Standard reflectors have diameters from 60cm to 120cm, large studio reflectors reach 2x3 meters. White surfaces reflect 85-95% of light neutrally, silver achieves 95-98% with a slight increase in contrast, gold 90-95% with a color temperature shift of 200-300 Kelvin towards warm tones. Styrofoam boards (4x8 feet) cost 8-15 Euros and reflect 80-85% of light. Professional Lastolite reflectors with various surfaces (white/silver, gold/white) are foldable and weigh 0.8-2.5kg depending on size.

History & Development

The technique established itself in the 1930s in Hollywood studios, where large white canvases were used as "bounce boards." In 1952, Mole-Richardson developed the first collapsible reflector for exterior shoots. In the 1970s, Lastolite introduced foldable round reflectors, which revolutionized transport. Modern LED panels with built-in diffusers have been electronically simulating bounce effects since 2010.

Practical Use in Film

Roger Deakins used 12x12 foot bleached muslin as bounce surfaces for natural-looking facial illumination in the trenches for "1917" (2019). Emmanuel Lubezki relied exclusively on natural light in "The Revenant" (2015), enhanced by white reflectors for detail rendering in shadows. The workflow requires 20-30% more lighting time, as reflectors must be precisely positioned and readjusted during camera movements. Advantage: natural light direction without visible hard shadows. Disadvantage: weather-dependent for exterior shoots and requires space.

Comparison & Alternatives

In contrast to direct light (hard light), bounce light creates soft transitions with twice the illumination area. Diffusion through silk or Lee filters reduces intensity more strongly (2-3 stops) than reflection. Modern softboxes combine both principles: internal reflection plus frontal diffusion. When space is limited, LED panels with a 120° beam angle replace bounce setups but do not achieve the same naturalness of light distribution.

From the crafts

Perspectives

Cinematographer

Ich positioniere den Bouncer immer 45° zur Kamera-Motiv-Achse, um Modelling zu erhalten – rein frontales Bounce Light macht Gesichter flach. Mit einem Spot-Meter messe ich die Differenz zwischen Key und Bounce: 2:1 Ratio ergibt natürliche Plastizität, 1:1 wird zu flach für Drama.

Director

Ich nutze warmes Bounce Light für emotionale Nähe in Dialogszenen – die weiche Ausleuchtung lässt Schauspieler verletzlicher wirken. Bei Thriller-Sequenzen verzichte ich bewusst darauf, damit harte Schatten die Spannung unterstützen.
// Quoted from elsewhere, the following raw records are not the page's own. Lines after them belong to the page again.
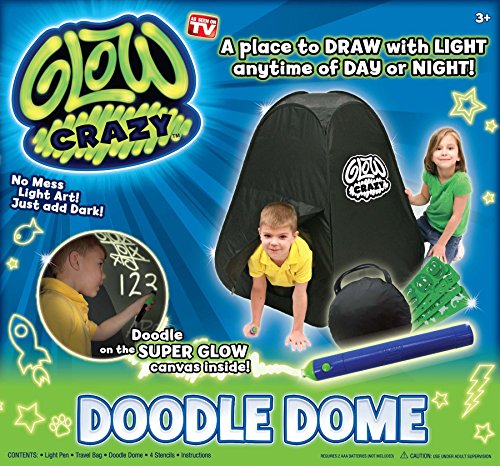 Glow Crazy Doodle Dome Tent Toy von The Glow Company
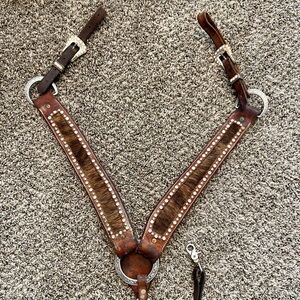 Brown Leather Western Breast Collar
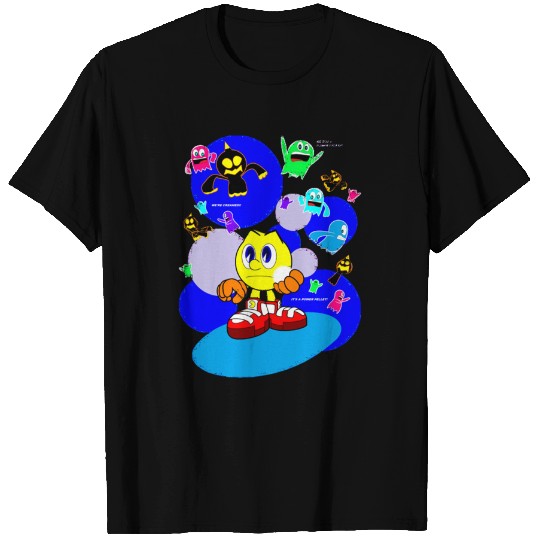 Pac's First Power Pellet - Pac Man - T-Shirt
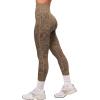 imageMOOSLOVER Women High Waisted Workout Leggings Seamless Compression Tummy Control Yoga Pants No Front SeamBrown Leopard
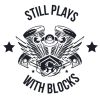 Still Plays With Blocks Messy Bun SVG, PNG, JPG, PSD, PDF Files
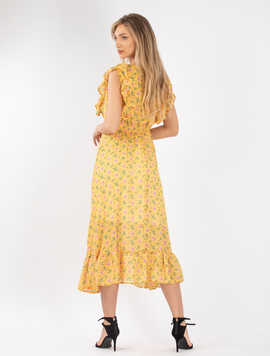 Rochie Dama Ceyolla Mustar
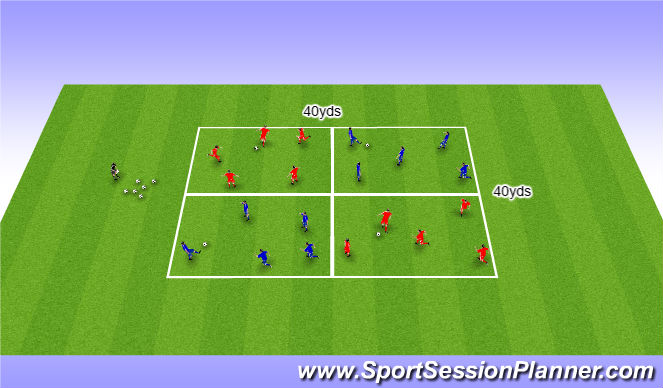 Football/Soccer Session Plan Drill (Colour): SSG (conditioned)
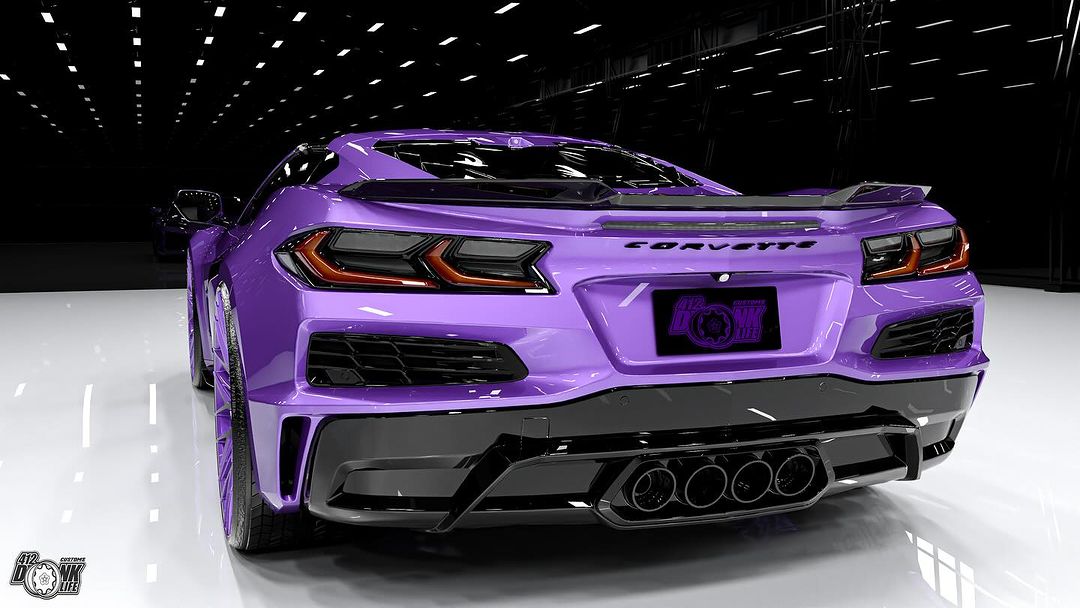 Corvette Creativity: 412donklife's Visionary Purple Rendition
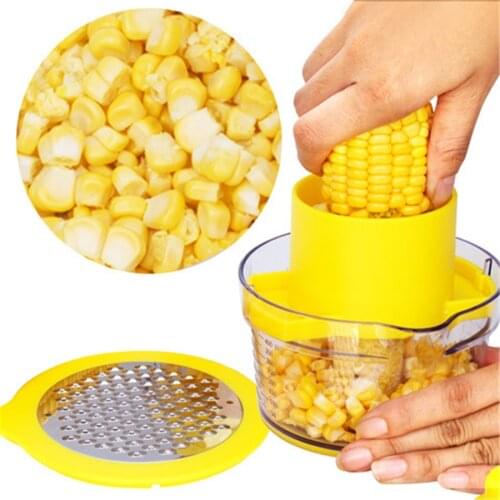 48 Pcs Corn Stripper Shucker Corn Kernel Remover Ginger Grater Niblet Separator Stripping Tool Vegetable Sheller Wholesale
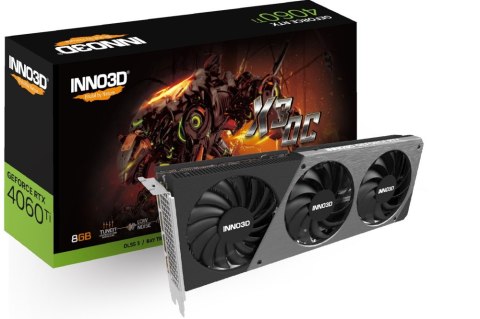 Karta graficzna INNO3D GeForce RTX 4060 Ti X3 OC 8GB GDDR6 N406T3-08D6X-171153L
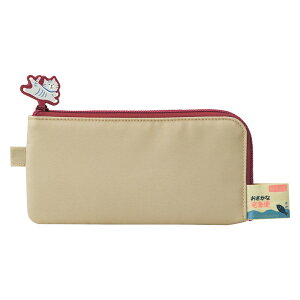 【最大2,000円オフCOUPON 11月1日-6日9時59分まで】LIHIT LAB.<リヒトラブ> にゃんシーン フラットペンポーチ ビスケットベージュ A2221-16 通帳ケース 小物入れ ネコ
Bounce Light suggeriert immer "Tageslicht" oder "häusliche Wärme".

Producer

Bounce Light bedeutet 30% längere Einrichtungszeit pro Setup, weil Reflektoren exakt ausgerichtet werden müssen. Dafür spare ich Geld: Ein 4x8 Fuß Styropor kostet 12 Euro statt 800 Euro für eine Softbox gleicher Größe. Bei Außendrehs plane ich Wind-Dopplers ein – umfallende Reflektoren kosten Drehtage.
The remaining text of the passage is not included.